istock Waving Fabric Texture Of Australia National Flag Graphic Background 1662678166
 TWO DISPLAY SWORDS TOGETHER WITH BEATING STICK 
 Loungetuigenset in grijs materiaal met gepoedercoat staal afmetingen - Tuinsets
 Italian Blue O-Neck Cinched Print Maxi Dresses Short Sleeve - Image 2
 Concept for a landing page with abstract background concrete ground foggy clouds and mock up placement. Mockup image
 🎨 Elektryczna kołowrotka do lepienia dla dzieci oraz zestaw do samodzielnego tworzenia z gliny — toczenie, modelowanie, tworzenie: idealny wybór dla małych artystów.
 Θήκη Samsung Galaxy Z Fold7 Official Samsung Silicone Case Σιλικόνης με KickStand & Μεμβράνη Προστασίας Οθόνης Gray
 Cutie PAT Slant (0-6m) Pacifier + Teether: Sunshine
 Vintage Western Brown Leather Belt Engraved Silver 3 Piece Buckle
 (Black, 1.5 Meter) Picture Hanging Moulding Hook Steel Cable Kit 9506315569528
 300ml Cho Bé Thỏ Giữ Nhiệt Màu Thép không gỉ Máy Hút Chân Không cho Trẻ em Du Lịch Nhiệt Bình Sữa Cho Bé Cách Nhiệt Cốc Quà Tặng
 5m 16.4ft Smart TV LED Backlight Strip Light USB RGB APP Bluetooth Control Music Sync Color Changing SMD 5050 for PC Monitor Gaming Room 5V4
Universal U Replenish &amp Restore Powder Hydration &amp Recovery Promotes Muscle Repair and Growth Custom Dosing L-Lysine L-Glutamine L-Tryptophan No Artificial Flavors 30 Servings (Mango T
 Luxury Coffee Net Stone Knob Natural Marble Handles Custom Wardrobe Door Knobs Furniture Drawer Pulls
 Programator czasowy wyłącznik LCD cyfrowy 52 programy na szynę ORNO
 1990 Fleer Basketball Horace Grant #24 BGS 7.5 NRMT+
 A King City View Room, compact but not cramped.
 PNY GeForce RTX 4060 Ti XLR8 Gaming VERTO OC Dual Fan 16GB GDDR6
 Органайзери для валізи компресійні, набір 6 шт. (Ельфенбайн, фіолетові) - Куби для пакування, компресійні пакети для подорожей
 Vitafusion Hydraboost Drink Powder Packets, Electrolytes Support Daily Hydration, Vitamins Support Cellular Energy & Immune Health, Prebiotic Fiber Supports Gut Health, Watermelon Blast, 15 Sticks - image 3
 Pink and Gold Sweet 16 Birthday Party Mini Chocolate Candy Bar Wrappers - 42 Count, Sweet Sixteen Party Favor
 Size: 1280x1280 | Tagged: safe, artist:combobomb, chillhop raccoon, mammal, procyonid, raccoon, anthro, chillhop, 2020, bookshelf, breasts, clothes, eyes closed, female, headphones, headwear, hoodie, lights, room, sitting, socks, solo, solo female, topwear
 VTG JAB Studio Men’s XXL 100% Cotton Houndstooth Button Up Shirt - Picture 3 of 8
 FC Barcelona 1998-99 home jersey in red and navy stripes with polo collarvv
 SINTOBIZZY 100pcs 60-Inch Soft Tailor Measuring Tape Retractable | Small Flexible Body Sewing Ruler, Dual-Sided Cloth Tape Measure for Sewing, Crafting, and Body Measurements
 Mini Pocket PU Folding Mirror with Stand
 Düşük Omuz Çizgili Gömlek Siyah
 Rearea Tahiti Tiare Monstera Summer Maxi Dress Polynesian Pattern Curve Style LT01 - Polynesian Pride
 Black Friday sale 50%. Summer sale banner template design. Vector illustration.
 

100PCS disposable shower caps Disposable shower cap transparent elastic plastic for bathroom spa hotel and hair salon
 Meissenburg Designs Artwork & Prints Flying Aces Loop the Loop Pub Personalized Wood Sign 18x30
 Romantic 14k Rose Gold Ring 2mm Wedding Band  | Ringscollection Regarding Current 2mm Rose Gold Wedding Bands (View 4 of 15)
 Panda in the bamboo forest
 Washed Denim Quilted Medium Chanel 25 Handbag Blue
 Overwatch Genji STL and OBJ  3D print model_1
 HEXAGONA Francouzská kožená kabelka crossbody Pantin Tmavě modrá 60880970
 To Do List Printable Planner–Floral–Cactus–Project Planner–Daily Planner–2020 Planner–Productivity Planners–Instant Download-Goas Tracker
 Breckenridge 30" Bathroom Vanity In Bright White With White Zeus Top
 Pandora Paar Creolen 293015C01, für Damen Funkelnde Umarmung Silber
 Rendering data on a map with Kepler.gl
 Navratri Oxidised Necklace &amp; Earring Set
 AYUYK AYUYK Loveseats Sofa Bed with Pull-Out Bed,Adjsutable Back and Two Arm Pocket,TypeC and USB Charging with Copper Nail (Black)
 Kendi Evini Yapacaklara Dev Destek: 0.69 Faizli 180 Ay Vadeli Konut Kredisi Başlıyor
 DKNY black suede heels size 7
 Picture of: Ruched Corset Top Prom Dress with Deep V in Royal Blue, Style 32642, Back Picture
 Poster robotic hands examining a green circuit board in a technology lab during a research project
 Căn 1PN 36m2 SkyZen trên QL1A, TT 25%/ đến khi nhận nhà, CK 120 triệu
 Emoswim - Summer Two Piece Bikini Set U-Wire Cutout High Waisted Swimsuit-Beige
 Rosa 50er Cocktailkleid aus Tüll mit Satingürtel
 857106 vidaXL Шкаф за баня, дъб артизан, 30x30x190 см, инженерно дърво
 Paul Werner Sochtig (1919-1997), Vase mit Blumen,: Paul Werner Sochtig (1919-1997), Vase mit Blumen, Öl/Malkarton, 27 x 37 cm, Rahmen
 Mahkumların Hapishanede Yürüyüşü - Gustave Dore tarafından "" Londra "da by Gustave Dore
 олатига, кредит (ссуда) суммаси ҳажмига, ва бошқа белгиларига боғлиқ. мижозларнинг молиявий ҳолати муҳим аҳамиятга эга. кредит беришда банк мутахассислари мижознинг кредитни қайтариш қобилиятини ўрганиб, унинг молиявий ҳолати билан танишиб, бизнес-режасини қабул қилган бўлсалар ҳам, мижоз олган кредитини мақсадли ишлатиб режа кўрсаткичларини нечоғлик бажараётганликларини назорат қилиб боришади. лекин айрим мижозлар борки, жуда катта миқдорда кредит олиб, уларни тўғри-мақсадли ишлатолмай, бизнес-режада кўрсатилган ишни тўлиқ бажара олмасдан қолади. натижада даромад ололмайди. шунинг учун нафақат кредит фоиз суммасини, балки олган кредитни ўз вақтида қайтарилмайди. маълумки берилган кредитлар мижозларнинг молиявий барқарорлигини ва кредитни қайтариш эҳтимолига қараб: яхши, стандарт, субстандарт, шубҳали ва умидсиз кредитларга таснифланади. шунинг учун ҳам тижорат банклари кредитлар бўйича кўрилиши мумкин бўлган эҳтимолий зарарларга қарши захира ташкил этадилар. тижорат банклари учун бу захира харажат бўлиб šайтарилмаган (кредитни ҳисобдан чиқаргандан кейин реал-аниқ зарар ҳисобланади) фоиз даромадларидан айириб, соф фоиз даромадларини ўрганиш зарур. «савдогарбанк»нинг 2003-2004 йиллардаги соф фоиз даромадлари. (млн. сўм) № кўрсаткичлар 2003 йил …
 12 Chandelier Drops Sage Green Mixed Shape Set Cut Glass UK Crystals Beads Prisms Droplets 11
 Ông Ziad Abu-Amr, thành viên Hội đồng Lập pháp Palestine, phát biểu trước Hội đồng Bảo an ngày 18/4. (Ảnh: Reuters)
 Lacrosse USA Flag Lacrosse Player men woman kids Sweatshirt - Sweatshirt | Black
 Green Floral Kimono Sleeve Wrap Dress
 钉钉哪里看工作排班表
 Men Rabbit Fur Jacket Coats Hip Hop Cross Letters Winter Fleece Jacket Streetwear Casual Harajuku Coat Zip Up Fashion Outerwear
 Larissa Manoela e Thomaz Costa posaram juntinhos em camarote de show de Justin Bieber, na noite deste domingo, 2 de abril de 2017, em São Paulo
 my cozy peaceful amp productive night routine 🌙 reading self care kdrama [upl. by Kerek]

— Exercise goal —
What you give back must match the material exactly, beginning with its first line and ending with the line holding "5m 16.4ft Smart".

— Answer —
istock Waving Fabric Texture Of Australia National Flag Graphic Background 1662678166
 TWO DISPLAY SWORDS TOGETHER WITH BEATING STICK 
 Loungetuigenset in grijs materiaal met gepoedercoat staal afmetingen - Tuinsets
 Italian Blue O-Neck Cinched Print Maxi Dresses Short Sleeve - Image 2
 Concept for a landing page with abstract background concrete ground foggy clouds and mock up placement. Mockup image
 🎨 Elektryczna kołowrotka do lepienia dla dzieci oraz zestaw do samodzielnego tworzenia z gliny — toczenie, modelowanie, tworzenie: idealny wybór dla małych artystów.
 Θήκη Samsung Galaxy Z Fold7 Official Samsung Silicone Case Σιλικόνης με KickStand & Μεμβράνη Προστασίας Οθόνης Gray
 Cutie PAT Slant (0-6m) Pacifier + Teether: Sunshine
 Vintage Western Brown Leather Belt Engraved Silver 3 Piece Buckle
 (Black, 1.5 Meter) Picture Hanging Moulding Hook Steel Cable Kit 9506315569528
 300ml Cho Bé Thỏ Giữ Nhiệt Màu Thép không gỉ Máy Hút Chân Không cho Trẻ em Du Lịch Nhiệt Bình Sữa Cho Bé Cách Nhiệt Cốc Quà Tặng
 5m 16.4ft Smart TV LED Backlight Strip Light USB RGB APP Bluetooth Control Music Sync Color Changing SMD 5050 for PC Monitor Gaming Room 5V4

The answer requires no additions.